**INSTRUCTIONS TO FOLLOW**
Here is a set of records. Copy them all exactly.
RECORDS FOR THE EXERCISE Start Marker
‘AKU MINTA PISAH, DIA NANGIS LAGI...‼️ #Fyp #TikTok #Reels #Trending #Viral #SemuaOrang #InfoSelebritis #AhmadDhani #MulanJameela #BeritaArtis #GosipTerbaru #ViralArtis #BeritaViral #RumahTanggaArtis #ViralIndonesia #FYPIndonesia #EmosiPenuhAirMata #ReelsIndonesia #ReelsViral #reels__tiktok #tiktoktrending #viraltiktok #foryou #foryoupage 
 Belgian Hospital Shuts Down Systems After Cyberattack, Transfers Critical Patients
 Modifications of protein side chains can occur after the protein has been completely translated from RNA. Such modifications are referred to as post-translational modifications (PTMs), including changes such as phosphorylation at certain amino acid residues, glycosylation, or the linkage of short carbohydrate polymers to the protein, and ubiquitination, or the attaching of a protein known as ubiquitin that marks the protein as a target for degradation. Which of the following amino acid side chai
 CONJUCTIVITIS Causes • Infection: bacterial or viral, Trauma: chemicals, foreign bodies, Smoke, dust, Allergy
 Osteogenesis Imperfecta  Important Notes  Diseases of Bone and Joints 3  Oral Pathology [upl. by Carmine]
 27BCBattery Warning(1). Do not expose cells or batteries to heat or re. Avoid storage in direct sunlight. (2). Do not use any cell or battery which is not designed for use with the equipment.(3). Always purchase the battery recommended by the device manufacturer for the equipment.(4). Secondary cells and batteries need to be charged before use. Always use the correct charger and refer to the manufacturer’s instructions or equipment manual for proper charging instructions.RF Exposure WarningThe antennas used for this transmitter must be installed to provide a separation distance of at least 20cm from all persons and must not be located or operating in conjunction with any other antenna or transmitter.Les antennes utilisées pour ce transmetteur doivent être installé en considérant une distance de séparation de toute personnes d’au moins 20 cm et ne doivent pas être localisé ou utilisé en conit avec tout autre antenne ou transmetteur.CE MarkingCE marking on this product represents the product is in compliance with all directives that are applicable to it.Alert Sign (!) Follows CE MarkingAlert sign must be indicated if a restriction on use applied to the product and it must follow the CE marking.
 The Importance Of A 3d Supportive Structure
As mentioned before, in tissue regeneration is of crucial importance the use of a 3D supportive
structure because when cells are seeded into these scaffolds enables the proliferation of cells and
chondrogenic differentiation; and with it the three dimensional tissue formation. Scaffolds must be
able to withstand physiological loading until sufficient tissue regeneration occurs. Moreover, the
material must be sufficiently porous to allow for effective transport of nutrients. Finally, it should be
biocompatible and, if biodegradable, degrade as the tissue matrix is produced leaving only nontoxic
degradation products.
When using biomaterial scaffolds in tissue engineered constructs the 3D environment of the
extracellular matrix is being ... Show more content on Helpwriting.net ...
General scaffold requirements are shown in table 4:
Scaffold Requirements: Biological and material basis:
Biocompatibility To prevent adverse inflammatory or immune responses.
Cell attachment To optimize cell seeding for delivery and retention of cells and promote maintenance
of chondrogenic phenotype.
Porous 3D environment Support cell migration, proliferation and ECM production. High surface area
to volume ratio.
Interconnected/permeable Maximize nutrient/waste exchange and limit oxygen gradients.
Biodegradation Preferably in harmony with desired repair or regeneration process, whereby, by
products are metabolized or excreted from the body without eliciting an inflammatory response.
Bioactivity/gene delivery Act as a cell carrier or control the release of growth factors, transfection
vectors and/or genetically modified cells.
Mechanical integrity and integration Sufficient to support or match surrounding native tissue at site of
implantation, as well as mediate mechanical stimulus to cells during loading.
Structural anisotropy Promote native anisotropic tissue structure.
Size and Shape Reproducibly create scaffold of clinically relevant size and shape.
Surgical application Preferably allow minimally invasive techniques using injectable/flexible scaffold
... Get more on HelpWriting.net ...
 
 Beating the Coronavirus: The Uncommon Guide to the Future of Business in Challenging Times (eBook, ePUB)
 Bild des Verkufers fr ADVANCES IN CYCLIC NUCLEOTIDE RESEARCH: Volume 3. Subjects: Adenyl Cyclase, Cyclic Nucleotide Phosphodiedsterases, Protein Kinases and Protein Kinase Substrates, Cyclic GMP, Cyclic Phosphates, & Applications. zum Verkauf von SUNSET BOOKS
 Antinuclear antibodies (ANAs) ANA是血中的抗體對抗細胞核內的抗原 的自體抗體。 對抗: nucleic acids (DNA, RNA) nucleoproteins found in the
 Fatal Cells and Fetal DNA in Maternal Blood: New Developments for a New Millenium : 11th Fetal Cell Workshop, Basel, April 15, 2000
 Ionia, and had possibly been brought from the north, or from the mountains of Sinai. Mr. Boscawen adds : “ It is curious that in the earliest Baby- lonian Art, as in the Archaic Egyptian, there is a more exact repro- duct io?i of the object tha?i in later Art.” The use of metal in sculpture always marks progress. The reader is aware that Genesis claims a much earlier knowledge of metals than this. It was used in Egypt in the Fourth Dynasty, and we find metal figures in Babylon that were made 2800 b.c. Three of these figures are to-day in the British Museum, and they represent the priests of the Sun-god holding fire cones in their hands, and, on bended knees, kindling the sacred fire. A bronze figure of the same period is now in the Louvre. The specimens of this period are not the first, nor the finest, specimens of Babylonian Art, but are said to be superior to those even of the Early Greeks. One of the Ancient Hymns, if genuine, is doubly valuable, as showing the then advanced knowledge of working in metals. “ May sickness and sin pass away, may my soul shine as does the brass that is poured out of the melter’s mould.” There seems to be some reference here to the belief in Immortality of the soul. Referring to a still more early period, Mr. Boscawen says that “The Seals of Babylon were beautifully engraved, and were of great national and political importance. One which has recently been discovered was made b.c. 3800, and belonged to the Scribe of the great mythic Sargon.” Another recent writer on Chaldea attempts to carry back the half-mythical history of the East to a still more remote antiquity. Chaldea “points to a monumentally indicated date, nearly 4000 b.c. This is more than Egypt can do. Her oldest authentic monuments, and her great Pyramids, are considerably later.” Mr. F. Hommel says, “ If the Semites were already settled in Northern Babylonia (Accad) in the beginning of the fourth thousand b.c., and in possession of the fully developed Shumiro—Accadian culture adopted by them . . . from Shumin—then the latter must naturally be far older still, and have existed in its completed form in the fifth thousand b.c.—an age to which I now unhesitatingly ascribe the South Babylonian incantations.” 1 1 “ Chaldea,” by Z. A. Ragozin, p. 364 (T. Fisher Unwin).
RECORDS FOR THE EXERCISE End Marker
**OUTPUT FOR THIS TASK**
‘AKU MINTA PISAH, DIA NANGIS LAGI...‼️ #Fyp #TikTok #Reels #Trending #Viral #SemuaOrang #InfoSelebritis #AhmadDhani #MulanJameela #BeritaArtis #GosipTerbaru #ViralArtis #BeritaViral #RumahTanggaArtis #ViralIndonesia #FYPIndonesia #EmosiPenuhAirMata #ReelsIndonesia #ReelsViral #reels__tiktok #tiktoktrending #viraltiktok #foryou #foryoupage 
 Belgian Hospital Shuts Down Systems After Cyberattack, Transfers Critical Patients
 Modifications of protein side chains can occur after the protein has been completely translated from RNA. Such modifications are referred to as post-translational modifications (PTMs), including changes such as phosphorylation at certain amino acid residues, glycosylation, or the linkage of short carbohydrate polymers to the protein, and ubiquitination, or the attaching of a protein known as ubiquitin that marks the protein as a target for degradation. Which of the following amino acid side chai
 CONJUCTIVITIS Causes • Infection: bacterial or viral, Trauma: chemicals, foreign bodies, Smoke, dust, Allergy
 Osteogenesis Imperfecta  Important Notes  Diseases of Bone and Joints 3  Oral Pathology [upl. by Carmine]
 27BCBattery Warning(1). Do not expose cells or batteries to heat or re. Avoid storage in direct sunlight. (2). Do not use any cell or battery which is not designed for use with the equipment.(3). Always purchase the battery recommended by the device manufacturer for the equipment.(4). Secondary cells and batteries need to be charged before use. Always use the correct charger and refer to the manufacturer’s instructions or equipment manual for proper charging instructions.RF Exposure WarningThe antennas used for this transmitter must be installed to provide a separation distance of at least 20cm from all persons and must not be located or operating in conjunction with any other antenna or transmitter.Les antennes utilisées pour ce transmetteur doivent être installé en considérant une distance de séparation de toute personnes d’au moins 20 cm et ne doivent pas être localisé ou utilisé en conit avec tout autre antenne ou transmetteur.CE MarkingCE marking on this product represents the product is in compliance with all directives that are applicable to it.Alert Sign (!) Follows CE MarkingAlert sign must be indicated if a restriction on use applied to the product and it must follow the CE marking.
 The Importance Of A 3d Supportive Structure
As mentioned before, in tissue regeneration is of crucial importance the use of a 3D supportive
structure because when cells are seeded into these scaffolds enables the proliferation of cells and
chondrogenic differentiation; and with it the three dimensional tissue formation. Scaffolds must be
able to withstand physiological loading until sufficient tissue regeneration occurs. Moreover, the
material must be sufficiently porous to allow for effective transport of nutrients. Finally, it should be
biocompatible and, if biodegradable, degrade as the tissue matrix is produced leaving only nontoxic
degradation products.
When using biomaterial scaffolds in tissue engineered constructs the 3D environment of the
extracellular matrix is being ... Show more content on Helpwriting.net ...
General scaffold requirements are shown in table 4:
Scaffold Requirements: Biological and material basis:
Biocompatibility To prevent adverse inflammatory or immune responses.
Cell attachment To optimize cell seeding for delivery and retention of cells and promote maintenance
of chondrogenic phenotype.
Porous 3D environment Support cell migration, proliferation and ECM production. High surface area
to volume ratio.
Interconnected/permeable Maximize nutrient/waste exchange and limit oxygen gradients.
Biodegradation Preferably in harmony with desired repair or regeneration process, whereby, by
products are metabolized or excreted from the body without eliciting an inflammatory response.
Bioactivity/gene delivery Act as a cell carrier or control the release of growth factors, transfection
vectors and/or genetically modified cells.
Mechanical integrity and integration Sufficient to support or match surrounding native tissue at site of
implantation, as well as mediate mechanical stimulus to cells during loading.
Structural anisotropy Promote native anisotropic tissue structure.
Size and Shape Reproducibly create scaffold of clinically relevant size and shape.
Surgical application Preferably allow minimally invasive techniques using injectable/flexible scaffold
... Get more on HelpWriting.net ...
 
 Beating the Coronavirus: The Uncommon Guide to the Future of Business in Challenging Times (eBook, ePUB)
 Bild des Verkufers fr ADVANCES IN CYCLIC NUCLEOTIDE RESEARCH: Volume 3. Subjects: Adenyl Cyclase, Cyclic Nucleotide Phosphodiedsterases, Protein Kinases and Protein Kinase Substrates, Cyclic GMP, Cyclic Phosphates, & Applications. zum Verkauf von SUNSET BOOKS
 Antinuclear antibodies (ANAs) ANA是血中的抗體對抗細胞核內的抗原 的自體抗體。 對抗: nucleic acids (DNA, RNA) nucleoproteins found in the
 Fatal Cells and Fetal DNA in Maternal Blood: New Developments for a New Millenium : 11th Fetal Cell Workshop, Basel, April 15, 2000
 Ionia, and had possibly been brought from the north, or from the mountains of Sinai. Mr. Boscawen adds : “ It is curious that in the earliest Baby- lonian Art, as in the Archaic Egyptian, there is a more exact repro- duct io?i of the object tha?i in later Art.” The use of metal in sculpture always marks progress. The reader is aware that Genesis claims a much earlier knowledge of metals than this. It was used in Egypt in the Fourth Dynasty, and we find metal figures in Babylon that were made 2800 b.c. Three of these figures are to-day in the British Museum, and they represent the priests of the Sun-god holding fire cones in their hands, and, on bended knees, kindling the sacred fire. A bronze figure of the same period is now in the Louvre. The specimens of this period are not the first, nor the finest, specimens of Babylonian Art, but are said to be superior to those even of the Early Greeks. One of the Ancient Hymns, if genuine, is doubly valuable, as showing the then advanced knowledge of working in metals. “ May sickness and sin pass away, may my soul shine as does the brass that is poured out of the melter’s mould.” There seems to be some reference here to the belief in Immortality of the soul. Referring to a still more early period, Mr. Boscawen says that “The Seals of Babylon were beautifully engraved, and were of great national and political importance. One which has recently been discovered was made b.c. 3800, and belonged to the Scribe of the great mythic Sargon.” Another recent writer on Chaldea attempts to carry back the half-mythical history of the East to a still more remote antiquity. Chaldea “points to a monumentally indicated date, nearly 4000 b.c. This is more than Egypt can do. Her oldest authentic monuments, and her great Pyramids, are considerably later.” Mr. F. Hommel says, “ If the Semites were already settled in Northern Babylonia (Accad) in the beginning of the fourth thousand b.c., and in possession of the fully developed Shumiro—Accadian culture adopted by them . . . from Shumin—then the latter must naturally be far older still, and have existed in its completed form in the fifth thousand b.c.—an age to which I now unhesitatingly ascribe the South Babylonian incantations.” 1 1 “ Chaldea,” by Z. A. Ragozin, p. 364 (T. Fisher Unwin).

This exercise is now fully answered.